何か不吉な前触れでないと良いけど。…残念ながら、僕の不安が的中してしまった。



「…何? 君達?」

 僕は目の前にいる小さな座敷童子達を見て問いかける。

「あぁ。君達、鬼灯さんの。」

 桃(タオ)タロー君の知り合いらしい。

「座敷童子の一子。」
「二子。」
『ここに住まわせてもらいます。』

 頭を下げる座敷童子に僕は、

「この家を手放すよ!! タオタロー君も手伝って!!」

 僕はそう言いながら家の中のものを片っ端から外へと運んでいく。

「白澤様? 何でこの家を手放すんですか?」
「座敷童子(貧乏神)達を追い出すためだよ! 座敷童子は人のいる家にしか住まないからね!」

 通常、座敷童子が出ていくとき、その家が潰れるけど、空き家には不幸が訪れない。

「そんなことをしなくても白澤様は神獣だから、災難とかは防げるんじゃ?」
「家の守り神と神獣じゃ、家に関することは家の守り神の方が強いよ!」
「それにわざわざこんなことをしなくても白澤様がまともに働けば良いんじゃ?」
「僕にそんなことが出来るとでも?」

 問いかけながら、不動産に電話をかける。
30分後、やって来た不動産に空き家の立札を立ててもらい様子を伺う。

「ホッ。

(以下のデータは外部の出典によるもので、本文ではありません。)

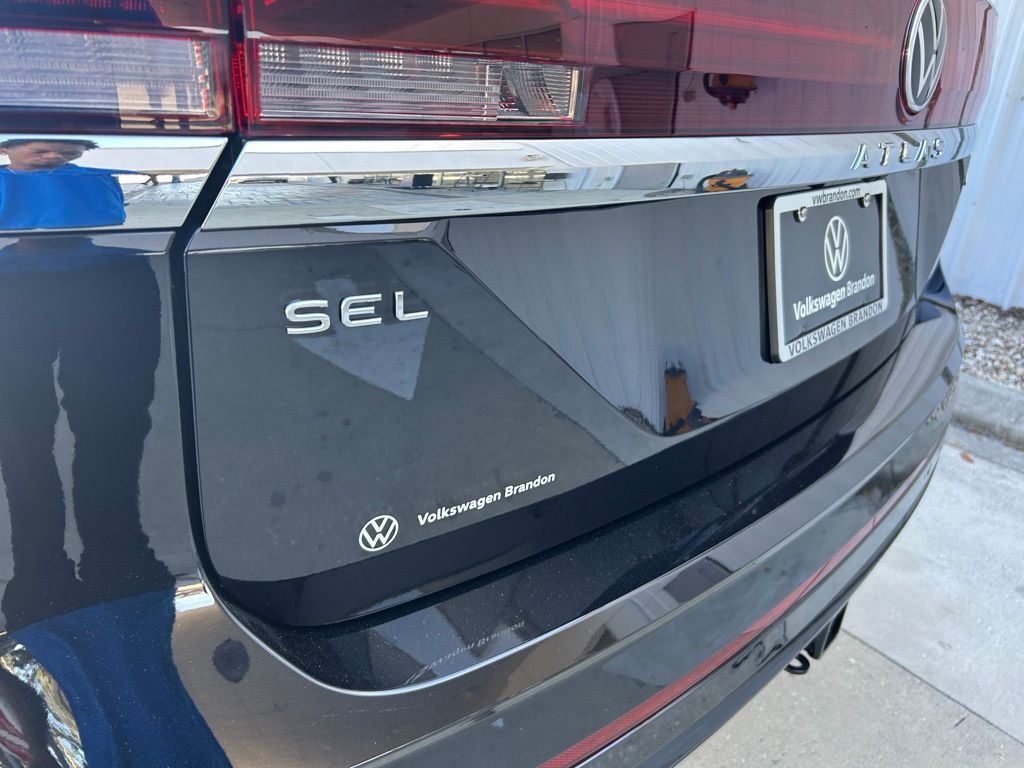 2026 Volkswagen Atlas 2.0T SEL Premium R-Line Tampa FL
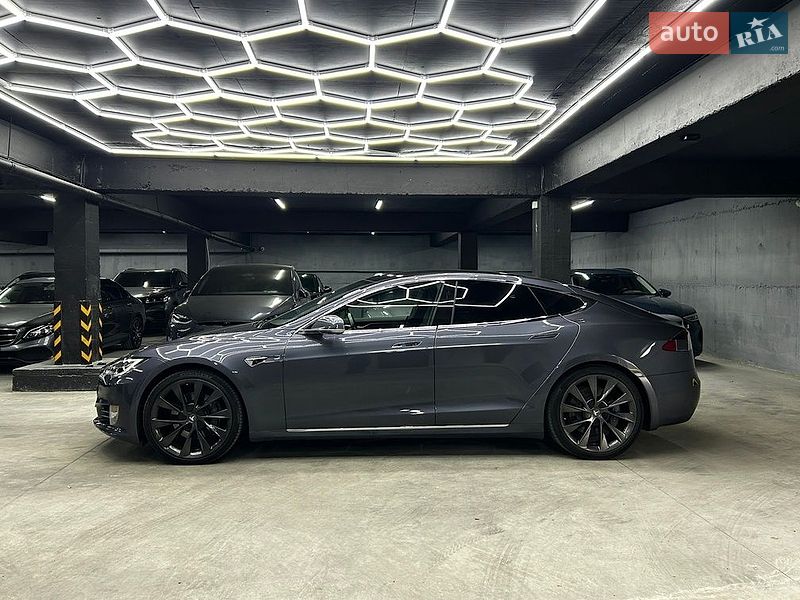 Лифтбек Tesla Model S 2020 в Черновцах
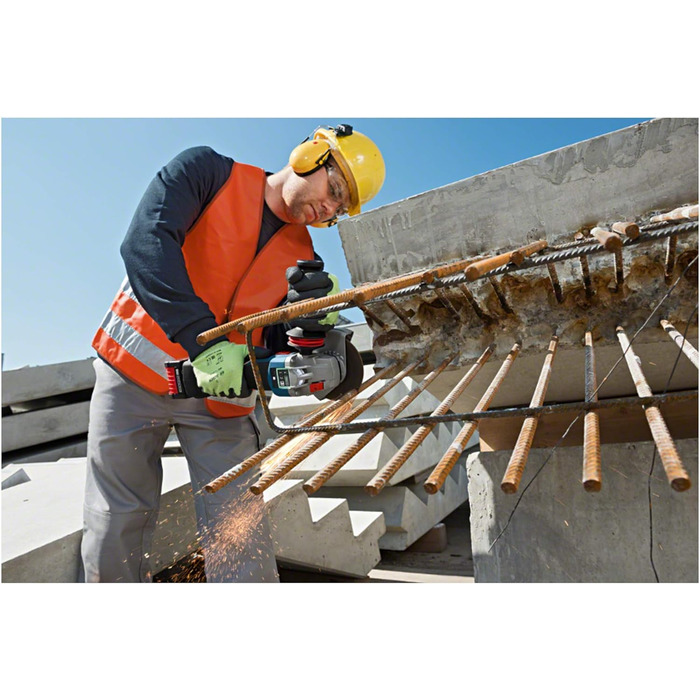 Акумуляторна кутова шліфувальна машина GWS 18V-10 SC (диск Ø 150 мм, L-BOXX, без акумулятора/зарядного пристрою) Версія SC в L-Box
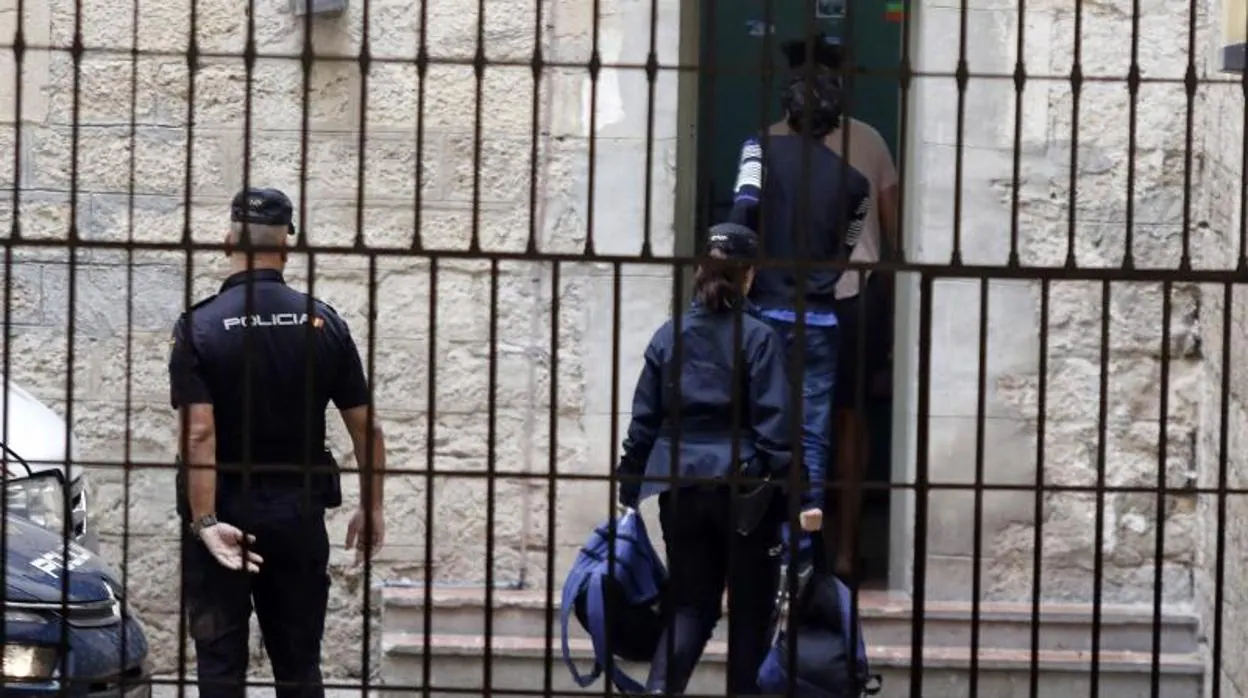 Agentes de la Policía Nacional custodiando a un detenido en Alicante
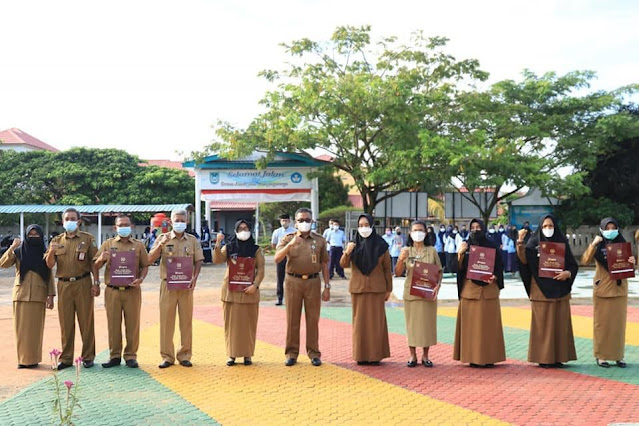 Sebanyak 164 Guru Menerima Penghargaan Satya Lencana Karya Satya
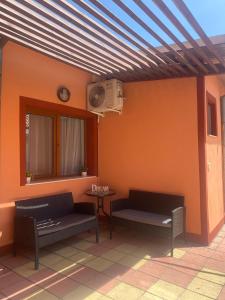 Posezení v ubytování Orange House Constanta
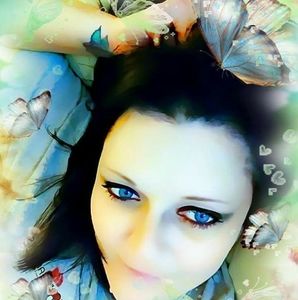 Meet your Posher, Julie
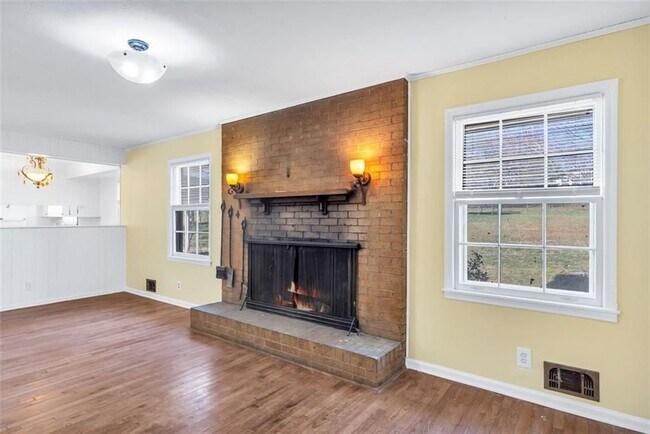 Photo - 2338 Rockbridge Rd SW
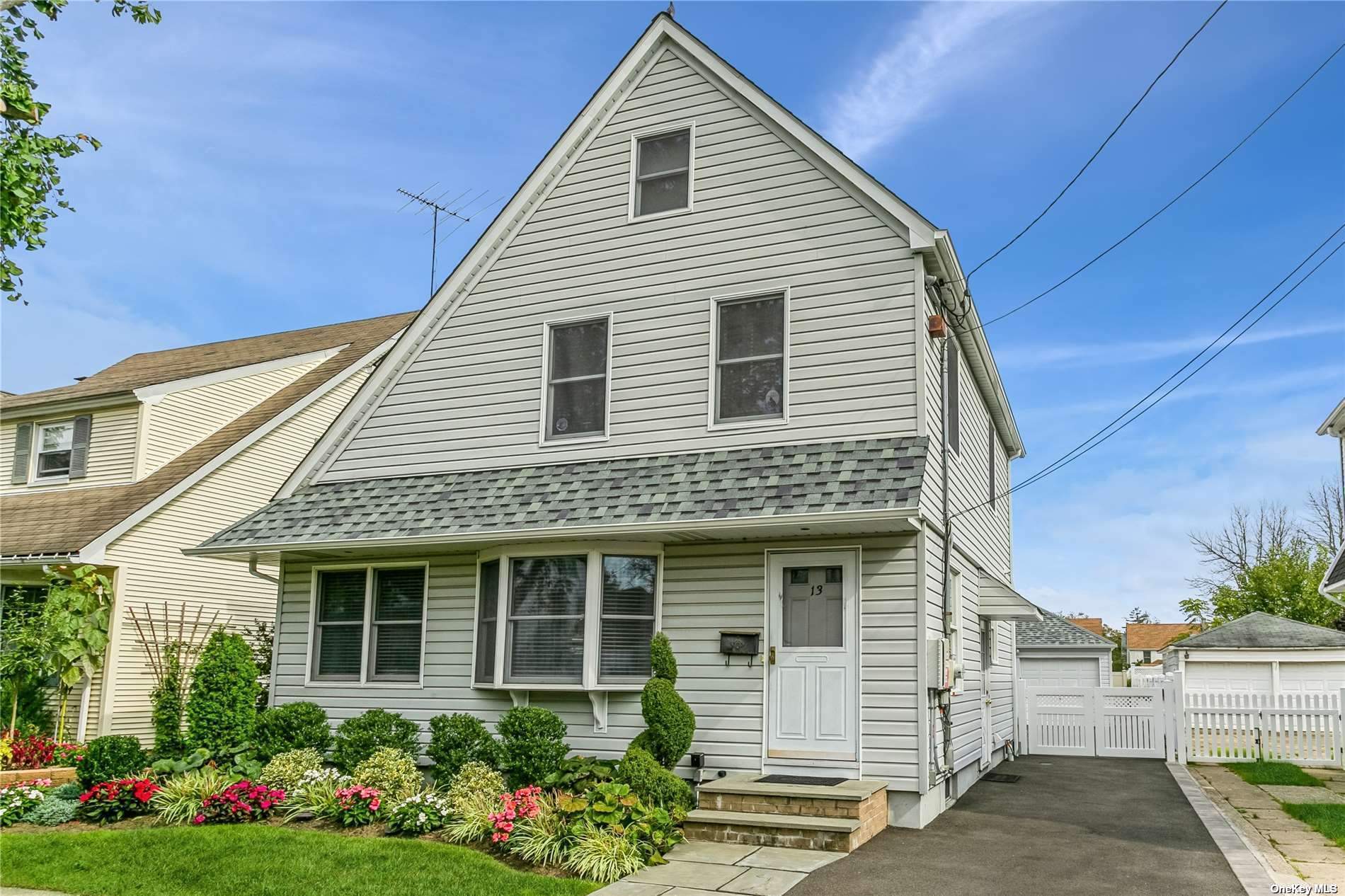 13 Temple St, Williston Park, NY 11596 MLS 3356078 Coldwell Banker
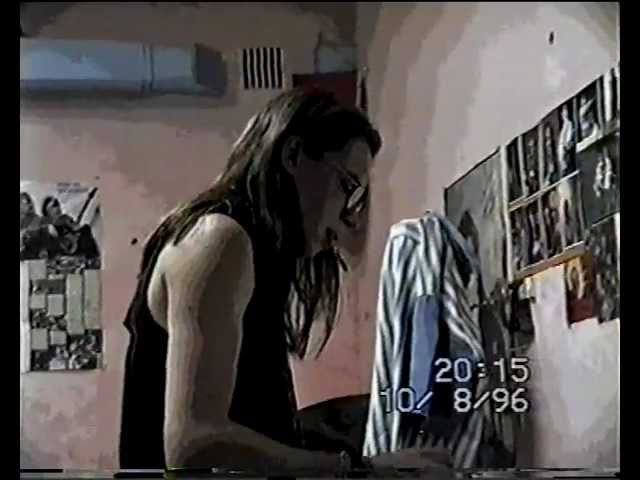 Пьянка после репитиции Шока. в легендарной общаге МТТ смотреть онлайн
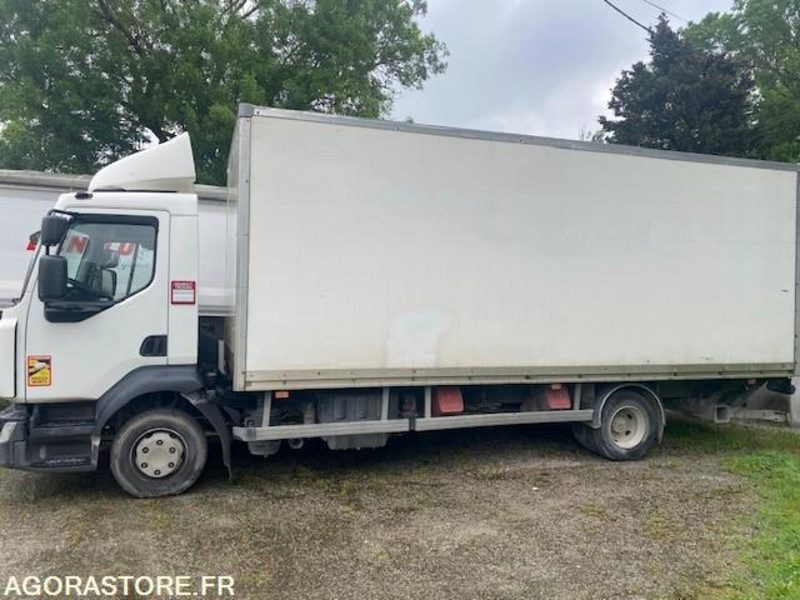 CAMION FOURGON HAYON RENAULT D12 - 2017 - 260 000km - Truck: picture 2 CAMION FOURGON HAYON RENAULT D12 - 2017 - 260 000km - Truck: picture 2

よかった。よかっ…?」

 僕の家から出ていく座敷童子達を見て息を吐こうとした時、座敷童子達がUターンしてこちらに近づく。そして、僕に携帯電話を差し出した。不安にかられながらも、その携帯を耳に当てた時、スピーカーから聞きたくない男の声が聞こえた。

『やはり、貴方も座敷童子の力には勝てませんか。』

 …そうか。全部お前の仕業か。

『空き家になったその家、閻魔庁が買い取りましょうか?』
「余計なお世話だ!! この野郎!!」

 僕はそう返しながら通話を切った。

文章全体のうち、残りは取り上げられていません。